Exact copies of all the entries are required, and no pictures should appear in them.

■ SUPPLIED INFORMATION ■
====

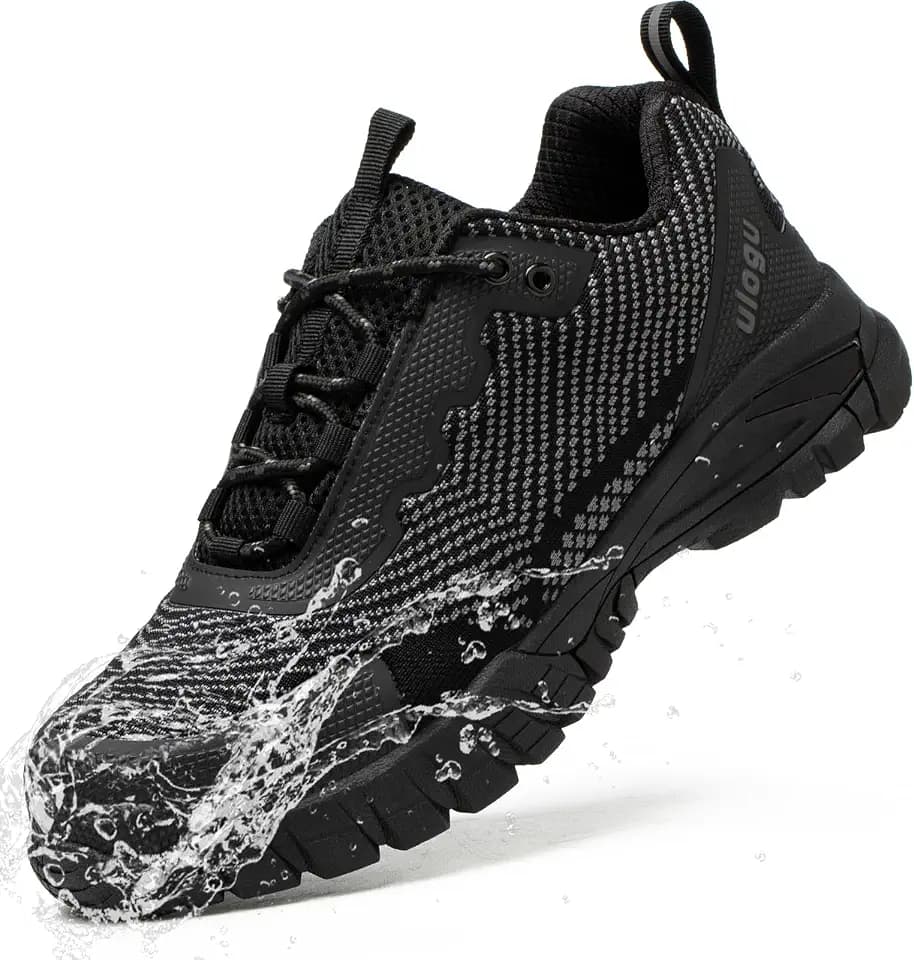 ulogu Steel Toe Shoes for Men Women Waterproof Non Slip Safety Work Shoes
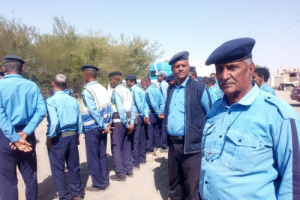 الطابور الصباحي المعتاد.. حصيلة أسبوع ميداني لشرطة مرور لحج بقيادة العقيد قحطان القطيبي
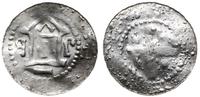 denar 1031-1051, Aw: Kapliczka z czterema kulkam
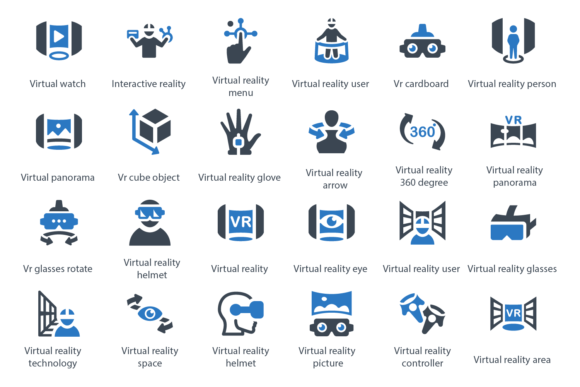 Virtual Reality Icons: Enhancing Design with Precision and Clarity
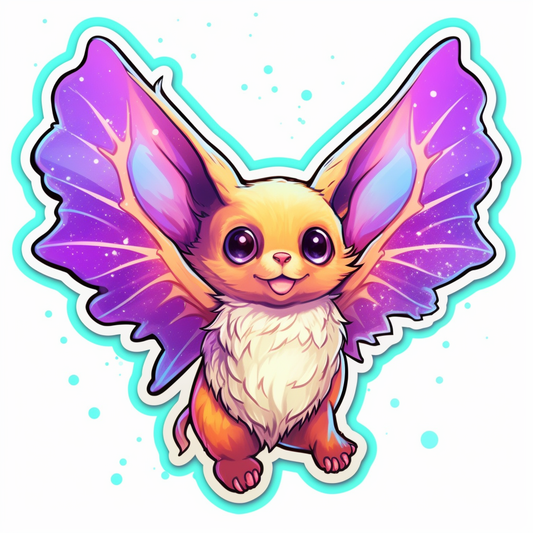 Cute Bat with big ears and wings Vinyl Decal Sticker for Car, Laptop, Tumbler and more # 0011281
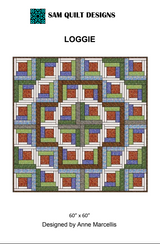 Loggie Downloadable Pattern by Sam Quilt Designs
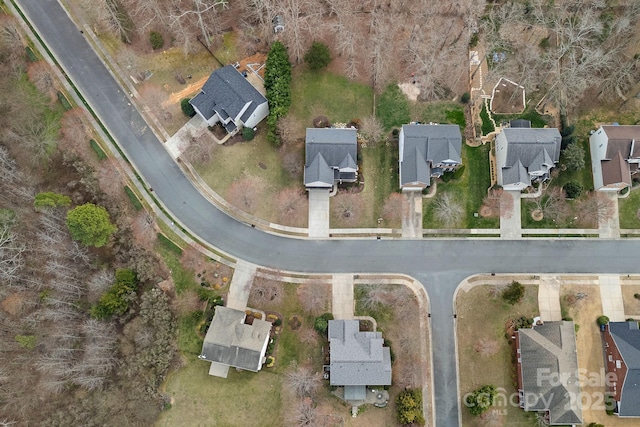 birds eye view of property featuring a residential view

====

■ RESULT OF THE TASK ■
 ulogu Steel Toe Shoes for Men Women Waterproof Non Slip Safety Work Shoes
 الطابور الصباحي المعتاد.. حصيلة أسبوع ميداني لشرطة مرور لحج بقيادة العقيد قحطان القطيبي
 denar 1031-1051, Aw: Kapliczka z czterema kulkam
 Virtual Reality Icons: Enhancing Design with Precision and Clarity
 Cute Bat with big ears and wings Vinyl Decal Sticker for Car, Laptop, Tumbler and more # 0011281
 Loggie Downloadable Pattern by Sam Quilt Designs
 birds eye view of property featuring a residential view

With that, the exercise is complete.